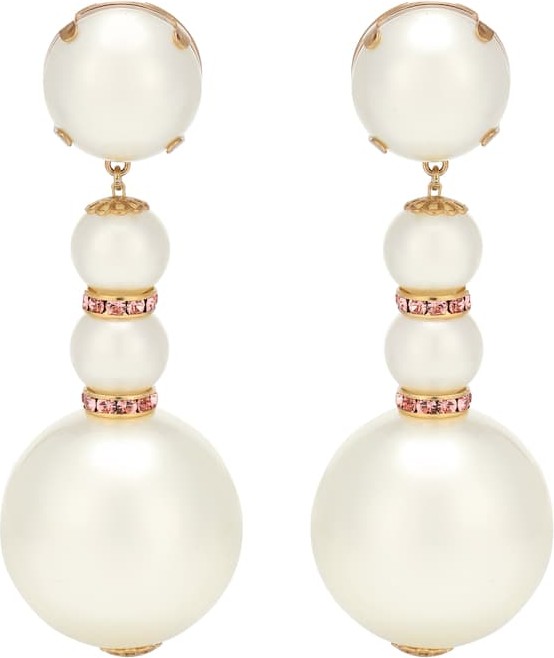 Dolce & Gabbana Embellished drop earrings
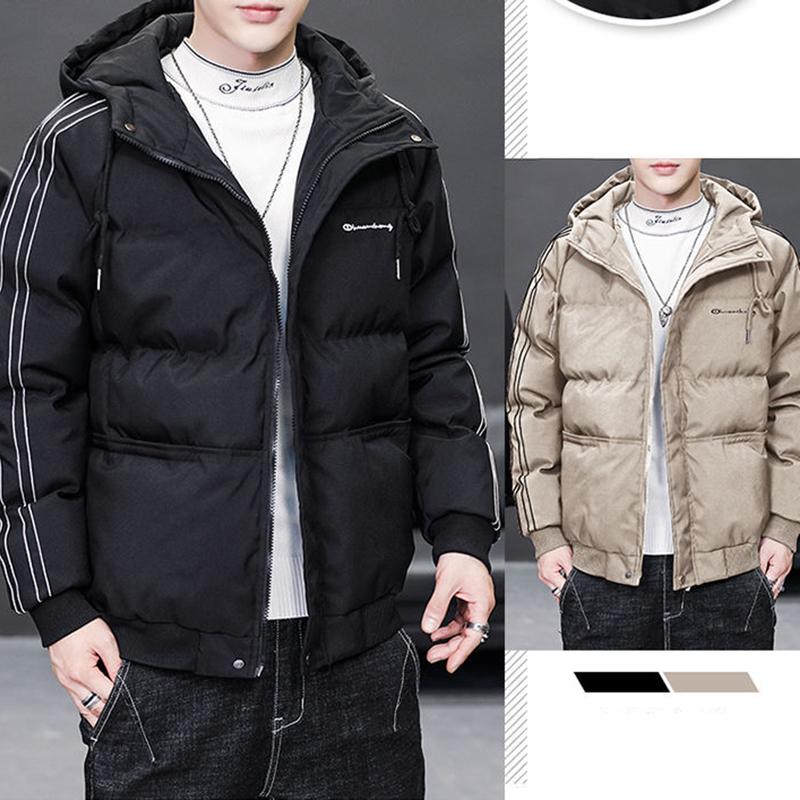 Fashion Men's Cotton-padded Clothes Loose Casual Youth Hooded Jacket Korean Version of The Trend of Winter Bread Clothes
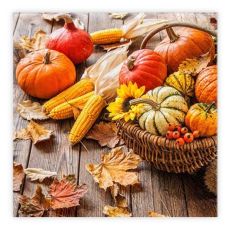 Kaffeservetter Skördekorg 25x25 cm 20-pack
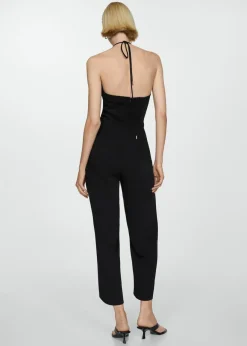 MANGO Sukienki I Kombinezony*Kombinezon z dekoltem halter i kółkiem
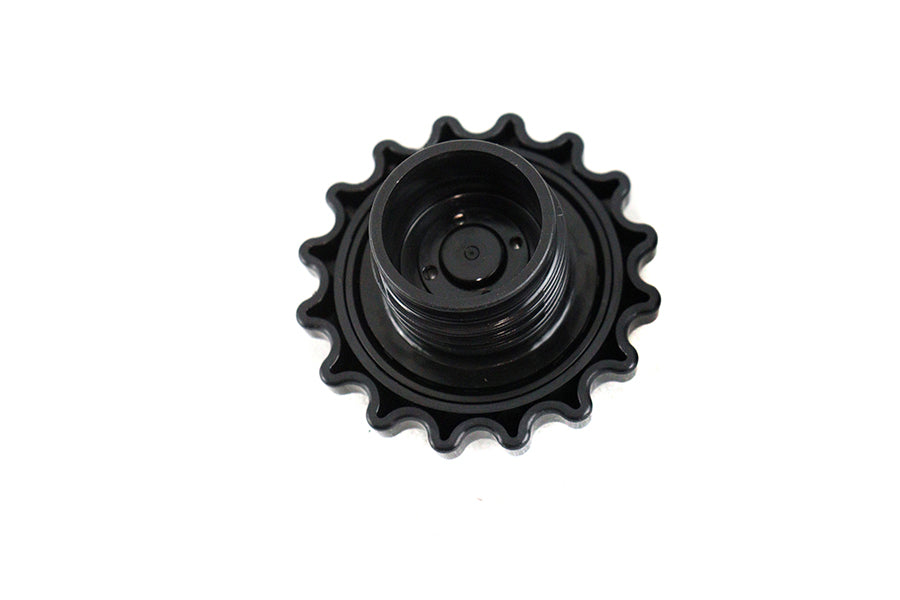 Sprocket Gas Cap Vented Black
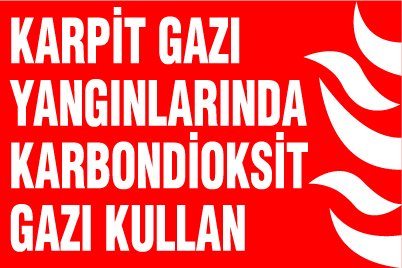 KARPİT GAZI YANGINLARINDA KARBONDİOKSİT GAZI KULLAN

...

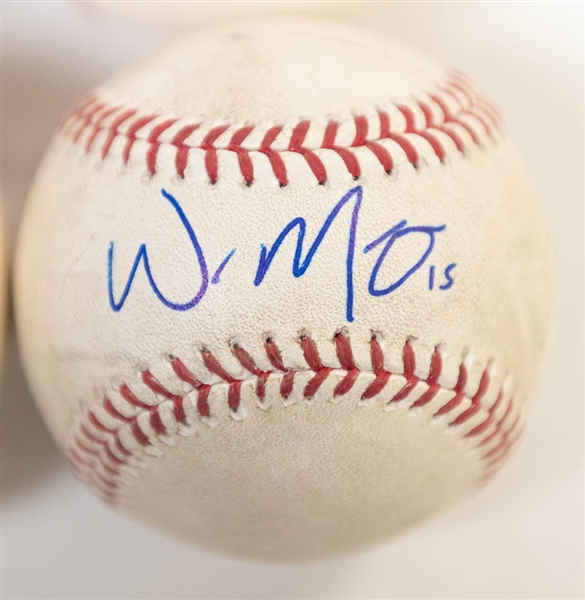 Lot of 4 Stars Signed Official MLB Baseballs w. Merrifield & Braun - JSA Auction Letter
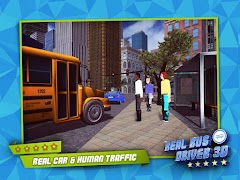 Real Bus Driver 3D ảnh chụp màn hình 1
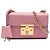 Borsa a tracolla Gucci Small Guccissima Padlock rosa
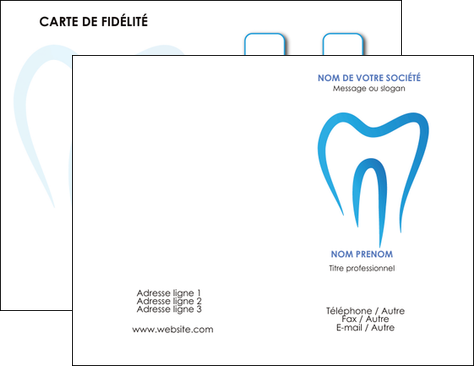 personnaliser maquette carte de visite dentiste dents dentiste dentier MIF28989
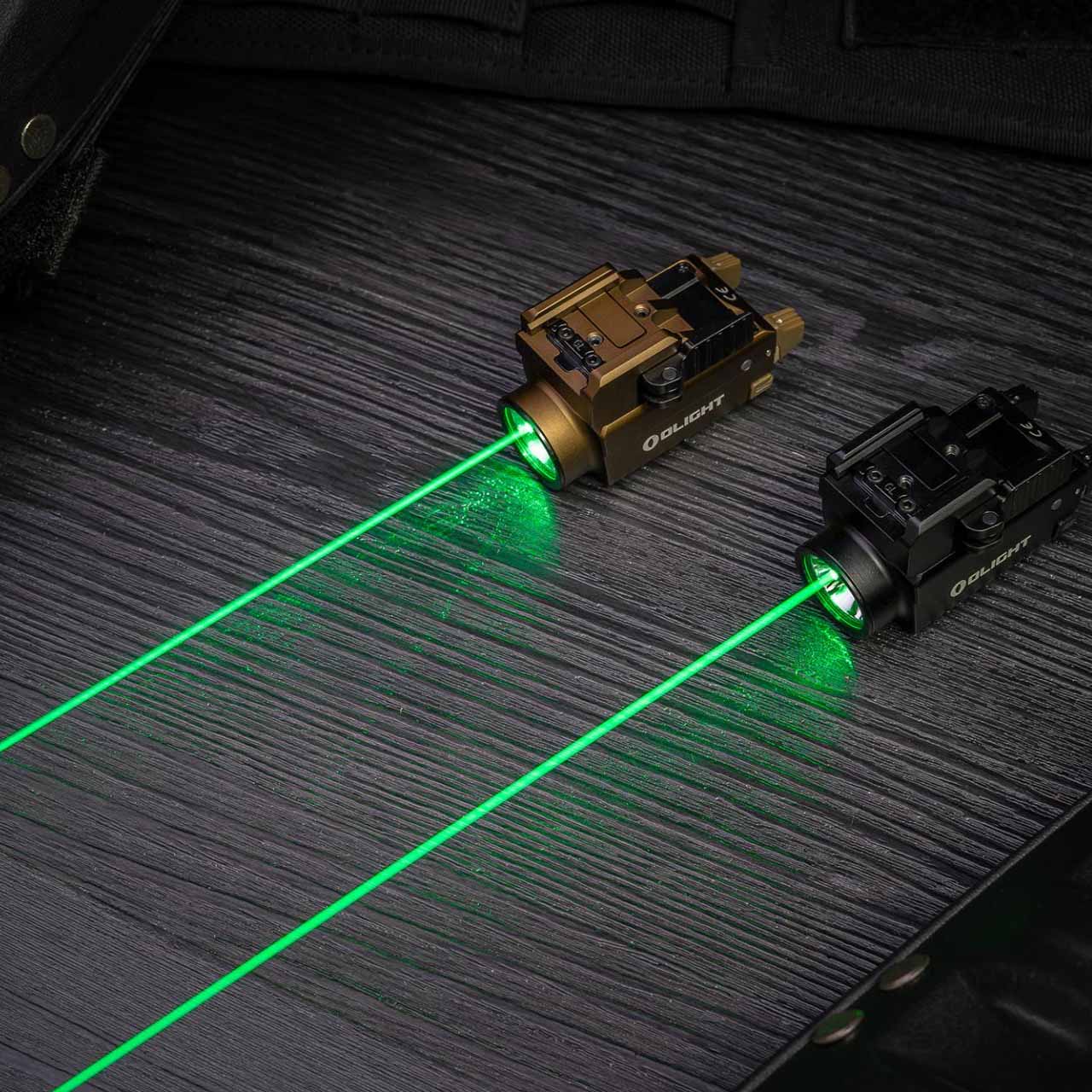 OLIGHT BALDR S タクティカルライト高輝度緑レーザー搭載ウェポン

...

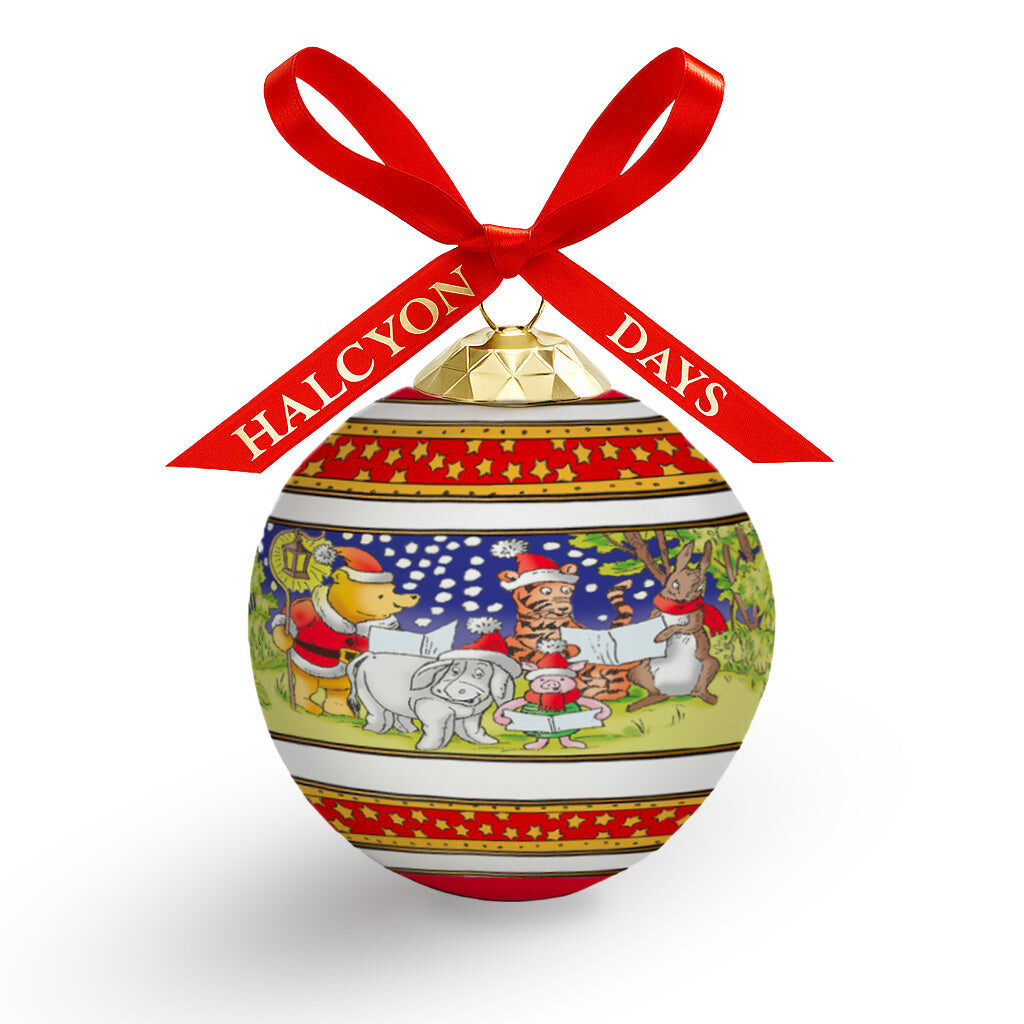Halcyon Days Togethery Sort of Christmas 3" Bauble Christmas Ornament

Instructions to follow → Would you transcribe the lines above exactly, going from the line bearing "Dolce & Gabbana Embellished drop earrings" through the line bearing "KARPİT GAZI YANGINLARINDA", and drop the pictures from the copy?

Output for this task →
 Dolce & Gabbana Embellished drop earrings
 Fashion Men's Cotton-padded Clothes Loose Casual Youth Hooded Jacket Korean Version of The Trend of Winter Bread Clothes
 Kaffeservetter Skördekorg 25x25 cm 20-pack
 MANGO Sukienki I Kombinezony*Kombinezon z dekoltem halter i kółkiem
 Sprocket Gas Cap Vented Black
 KARPİT GAZI YANGINLARINDA KARBONDİOKSİT GAZI KULLAN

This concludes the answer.